Aspects and applications of nonlocal Lorentz-violation

TL;DR

This paper investigates nonlocal, Lorentz-violating scalar theories that are ghost-free and unitary, proposing a low-scale nonlocal dark sector that could produce observable long-range forces and interact weakly with the standard model.

Contribution

It introduces a novel class of nonlocal, Lorentz-violating scalar theories that are both ghost-free and unitary, and models a dark sector communicating with the standard model through heavy fermions.

Findings

Theories are ghost-free and unitary in Minkowski space.

A framework for a nonlocal, Lorentz-violating dark sector interacting weakly with the standard model.

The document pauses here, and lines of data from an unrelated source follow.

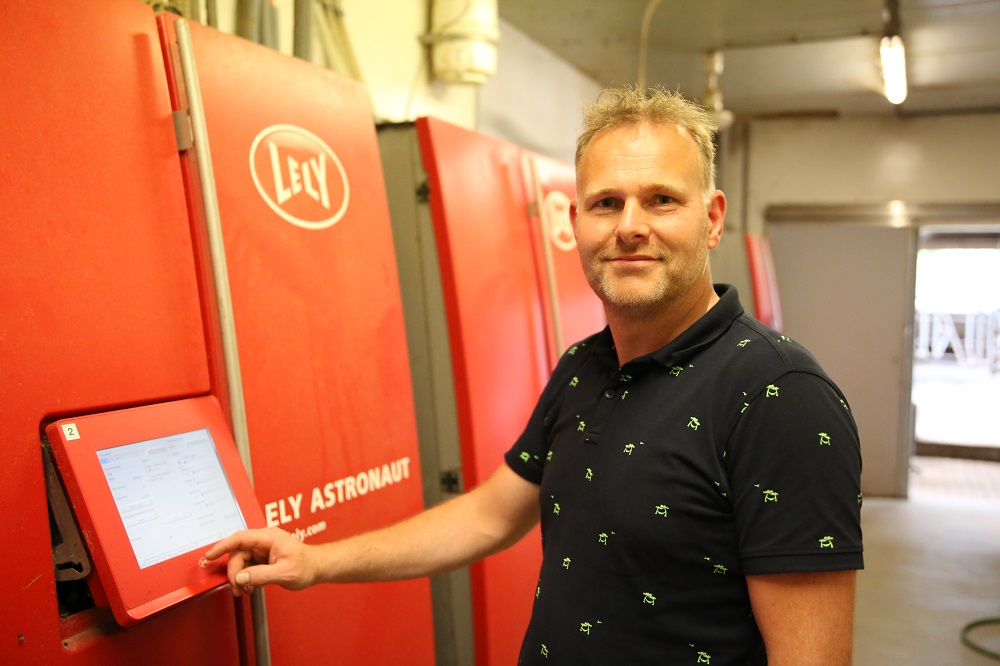 Farm Management Support bedenkt eigenlijk wat ik in mijn hoofd heb zitten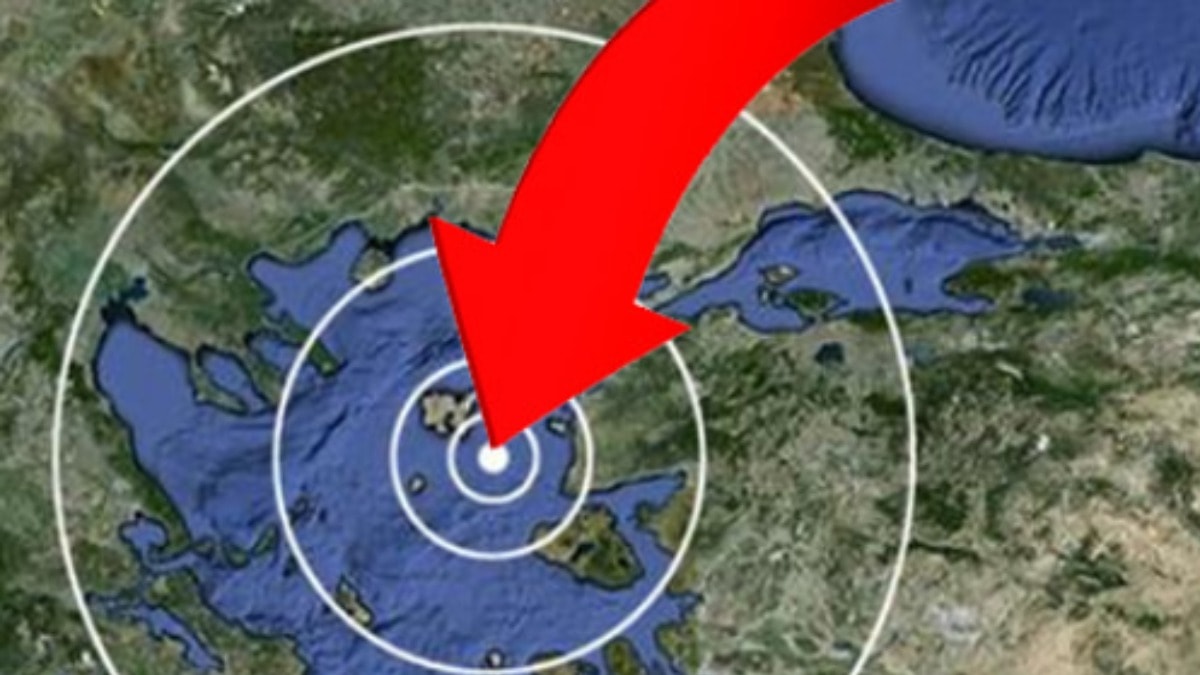 Daha önce 7 kere oldu diyerek uyardı: Asıl deprem orada bekleniyor!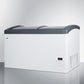 Summit FOCUS131 12 Cu.Ft. Chest Freezer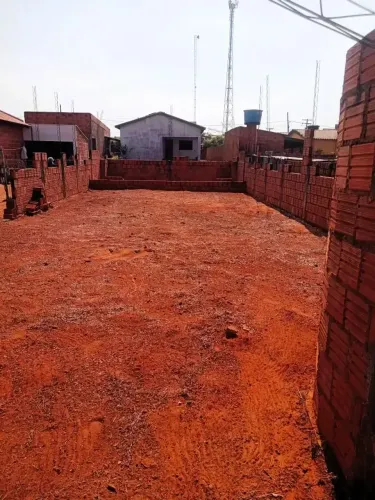 INVISTA NO SEU FUTURO: Terreno Perfeito para Seu Projeto dos Sonhos!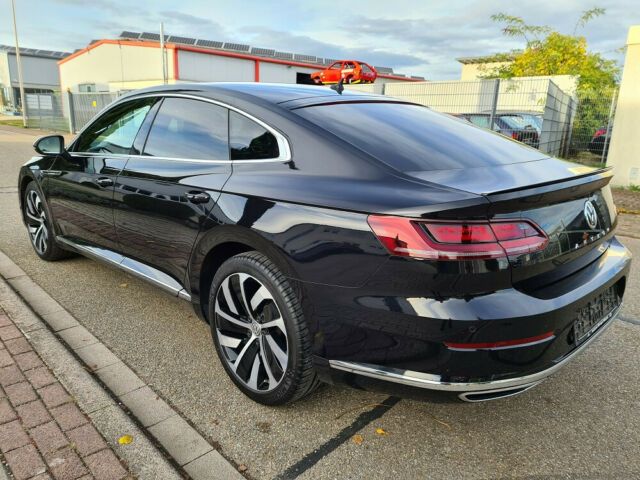 Volkswagen Arteon • 2017 • 151,254 km 2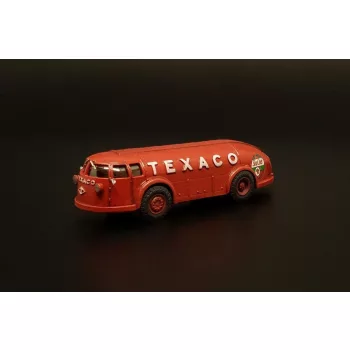 Brengun - Doodlebug Texaco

Potential for observable long-range forces from the dark sector.

Abstract

We consider simple scalar theories with quadratic terms that are nonlocal and Lorentz violating. Unlike similar Lorentz-invariant nonlocal theories that we have considered previously, the theories studied here are both ghost-free and unitary as formulated in Minkowski space. We explore the possibility that the scale of nonlocality could be low in a dark sector, where the stringent constraints on the violation of Lorentz invariance may be accommodated via the weak coupling to the standard model. We point out that long-range forces may originate from such a sector and be distinguishable from more conventional beyond-the-standard model possibilities. We present a model in which a nonlocal, Lorentz-violating dark sector communicates with the standard model via a sector of heavy vector-like fermions, a concrete framework in which phenomenological constraints and signals can be investigated.